Week 8: Office 2.0

The availability and use of online productivity web-based applications (think word processing and spreadsheets) has exploded over the past few years and for good reasons!
These powerful applications provide users with the ability to create and share documents over the internet without the need of installed desktop applications.
Some experts speculate that this emerging trend may mean the end to Microsoft Office and other software-based productivity tools, while others think web-based applications have their place, but not in the office.
But no matter which side of the office suite platform you side with, on this both sides seem to agree; web-based apps have their place.
One large benefit to web-based applications it that they eliminate the need to worry about different software versions or file types as you email documents or move from PC to PC. Another bonus is that they easy accommodate collaboration by allowing multiple users to edit the same file (with versioning) and provide users the ability to easily save and convert documents as multiple file types (including HTML and pdf).
And, you can even use many of these tools, such as Zoho Writer and Google Docs* (formerly known as Writely) to author and publish posts to your blog.
It’s this type of integration with other web 2.0 tools that also makes web-based apps so appealing.

For this discovery exercise, participants are asked to take a look at a web-based word processing tool called Google Docs, create a simple document and then document your discoveries in your blog.
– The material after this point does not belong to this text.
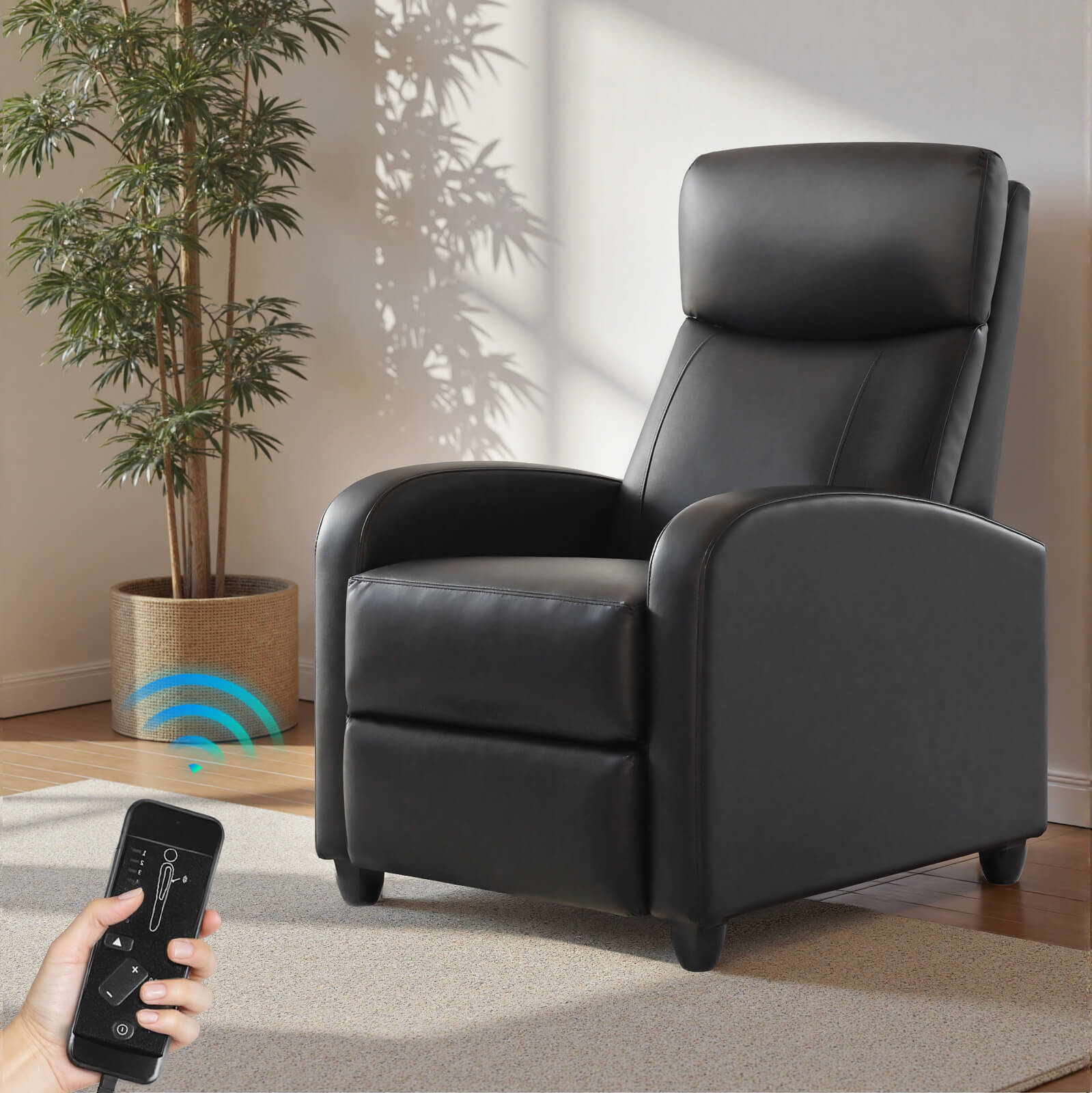 Manual Recliner Massage for Living Room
Watch thi online presentation of Google Docs.
(a You tube video created by Common Craft)

Discovery Resources:
A short list of web-based productivity applications(Note: write list and publish to web)
A longer list of web-based applications.

Discovery Exercise:
1. Create a free account for yourself in Google Docs.
2. Explore the site and create a few test documents or two, share a test document with your colleague.
3. Try out Google Doc's features and create a blog post about your discoveries, including comments about how this could be useful to working in the library or in your life.